My favorite album is still New Day Rising, but it’s possible that anyone’s favorite Hüsker Dü album is simply the one they’ve heard the most. I’ve been listening to that album at least once a year for 20 years or so, and I hear something I missed before every time – just like I didn’t hear echoes of Sonic Youth in the cacophony of “What’s Going On” (Zen Arcade) until this week. If you can get past the speed, volume, and break through the wall-of-sound effect to pick up on who’s doing what in the inter-play – and that’s within a trio - Hüsker Dü holds up very well over repeated listening. So, thanks to all those cool kids who turned me on to them.

The Rest of the Playlist
I expanded this week’s playlist to 40 songs to make room for Hüsker Dü and I still gave them over half (23) of it. Before touching on the random stuff, I added a healthy dose of The Beths, an AustralianNew Zealand (sorry!) power-pop trio who knows from pop-rock hooks, bright melodies, heartbreak, hope and better-than-your-average lyrics. They only have a couple albums out now, and they’re a little narrow musically, but they are really, really good at what they do. (I included three songs, but here’s a taste with “Great No One,” which made this playlist and “A Little Death,” which is awesome while not even being their best song, and that’s on another playlist; they are masters of the brilliant prechorus.)
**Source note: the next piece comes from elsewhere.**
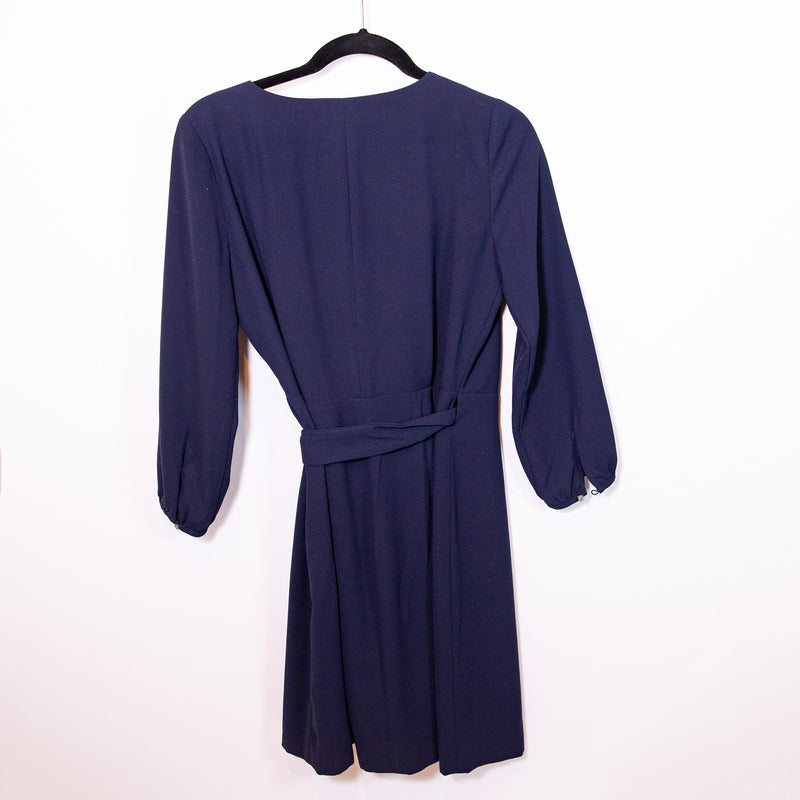 J. Crew Women's 365 Crepe V Neck Drape Long Sleeve Wrap Midi Dress Navy Blue 2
It’s a grab-bag after that, with a mix of new stuff by Black Belt Eagle Scout (“I Said I Wouldn’t Write this Song,” and could she be cooler?), Ezra Furman (“Evening Prayer aka Justice,” who has an alluring raspiness about him), and Lana Del Ray’s synth-tastic, too-knowing pop (“Happiness Is a Butterfly”)…and there’s more, but whoops!

I don’t even remember how I found “Love Me” by The Phantom, but that guided me to The Roots of the Cramps, and that’s where I found old garage classics like Three Aces & the Jesters' “Booze Party,” Link Wray's “Fatback,” Flower Children's (tasteful) “Miniskirt Blues,” Larry Phillipson's “Bitter Feelings” and Bostweed's “Faster Pussycat Kill Kill.” To close on one final personal note, garage was what carried me after grunge bored me (and the Treepeople broke up), so that sound is pretty damn automatic for me.